II. Title and year of major projects

The First Code Talkers: Native American Communicators of World War I. 2021 (Book).

“Kiowa at the Battle of the Washita, November 27, 1868.” 2021 (article).

“The Code Talkers Legacy” 2020 (article for the National Museum of the American Indian).

Native American Code Talkers.” 2018. Text for the Sequoyah Institute Website.

“Native American “Warriors” in the US Armed Forces.” 2017 (book chapter).

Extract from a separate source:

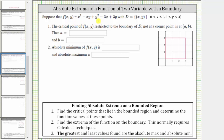We're given the function f(x,y) over the boundary given by x and y greater than or equal to zero and less than or equal to three, which means this is the bounded region for the function f(x,y) defined as the region D. Number one, we're asked to find the critical point of f restricted to the boundary of D, not at a corner point. Number two, we want to determine the absolute extrema of f(x,y) over the bounded region. To answer both questions, we will go through the process of finding the absolute extrema of a function of two variables on a bounded region.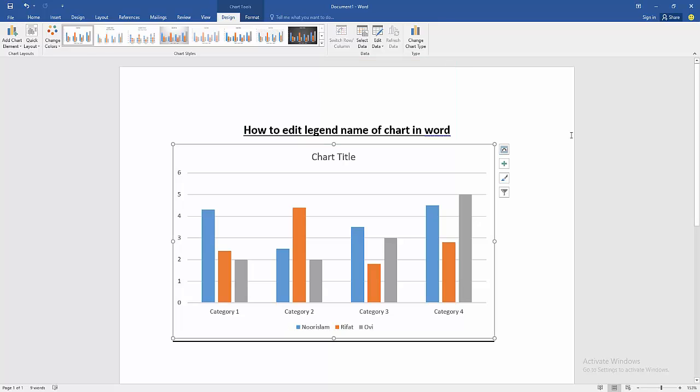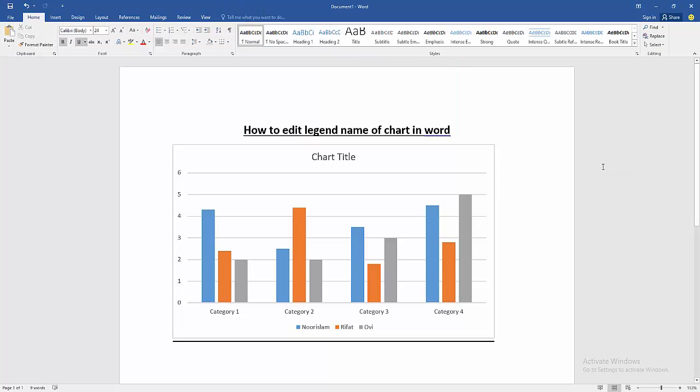Then close the sheet. Now we can see here we edited the legend name of this chart very easily.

III. Future directions of research

My immediate research continues to focus on Native Americans. I plan to finish the following projects: 1) an article on a revived Comanche warrior tradition, 2) a book manuscript on the Navajo Code Talkers and Racial Misidentification of minorities in WW II, and 3) an ethnography on the Plains Indian Handgame. I am also continuing to work on an ongoing book manuscript focusing on all Native American Code Talkers of World War II, and an article on Native American Women veterans.

IV. Topics related to your research and of interest to the broad University Community, for which you are available for presentations and/or consultations. 

I would be happy to speak on subjects including: Native American Code Talkers, Native American Veterans, Native American Cultures, Native Religion and Arts, Contemporary Native American issues, and Japanese Prehistory, culture and art.